Heaven and Hell (Deluxe Edition)
When Ozzy Osbourne was fired by Black Sabbath in 1979, many fans thought the jig was up. How could the band possibly replace a frontman so iconic and beloved? Then guitarist Tony Iommi ran into vocalist Ronnie James Dio at a bar in Hollywood. Dio had recently been ousted from Ritchie Blackmore’s Rainbow and was looking for a gig. Iommi knew serendipity when he saw it, and Dio was brought on as Sabbath’s new vocalist. He made his debut on Heaven and Hell, which marked an exciting new era for the band. “When Ronnie came in, it was a totally different approach to Ozzy,” Iommi tells Apple Music. “He was not only a totally different vocalist—more operatic—but the writing took a different path altogether. It was a totally different-sounding Black Sabbath, really. We had to try and get the fans to adjust to Ronnie and the new Sabbath, but those albums sparked a lot of famous musicians, like Dave Grohl and that generation.
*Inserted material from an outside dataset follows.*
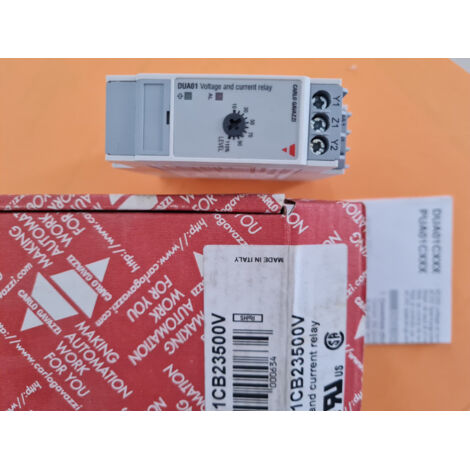 Carlo Gavazzi DUA01 Tension et Courant Relais DUA01CB23500V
For some of them, it was the first time they heard Black Sabbath as such.” Below, Iommi discusses some of the key tracks from Heaven and Hell.
Neon Knights “I think Sabbath always have generally gone with a fast track to start an album—apart from, of course, the first album’s ‘Black Sabbath,’ which was slow. But generally, the idea was to get excited as soon as you put the album on, and ‘Neon Knights’ seemed like a good one to do that. Ronnie took the reins, and really it’s better if the singer can write his own lyrics, instead of being presented with a load of words that might be tongue-tying or not fitting the melody. Ronnie knew how to do that, and ‘Neon Knights’ was a great example.”
Children of the Sea “Originally, the idea was to do this album with Ozzy. We had a house in LA, and we were all living together. And of course, at that point, Ozzy lost interest and wasn’t into it. He wasn’t in a good frame of mind at all. Consequently, we didn’t get much done. But I came up with some riffs, and ‘Children of the Sea’ was one of the few that Ozzy did put a melody to. It wasn’t a full melody, but it was entirely different than Ronnie’s approach. And then the song was the first one we tried Ronnie out with. He came over to the house and came up with his own melody.”
Lady Evil “When you’re writing riffs, you keep in mind how the singer might approach it. Ronnie's voice was a bit more aggressive. He sort of attacked the riff. With ‘Lady Evil,’ Ronnie put this really great, aggressive melody over it and it really worked. Because sometimes you can play a great riff, and if you don't do a good vocal over it, it destroys it. Ronnie’s lyrical approach was more dragons and kings and stuff—it was different to what Geezer [Butler] would write about.”
Heaven and Hell “I think I got this riff by Bill [Ward] starting to play drumbeats and I just played to it. And the idea was to leave a gap in the verse because Ronnie’s singing was really good in a mystical kind of way. And then coming in with a heavy riff, it sounds even heavier because there’s no guitar on the verse. So it gives you a bit of light and shade. And I think Ronnie was on bass at the time, because at that point, Geezer had to leave the band because he had some personal problems going on. And when Geezer came back, of course he put his own bass bits to it.”
Die Young “I remember when we first did it, and I started playing this riff and then I suddenly dropped down to the quiet bit, Ronnie went, ‘You can't do that.’ He was new to how we write and we were new to how he sings, so it was a matter of getting used to each other. So I said, ‘You can. That's what we do. We change tempos or we drop down.’ He went, ‘I don't know if that's going to work.’ And, of course, it did work, and he loved it, then.”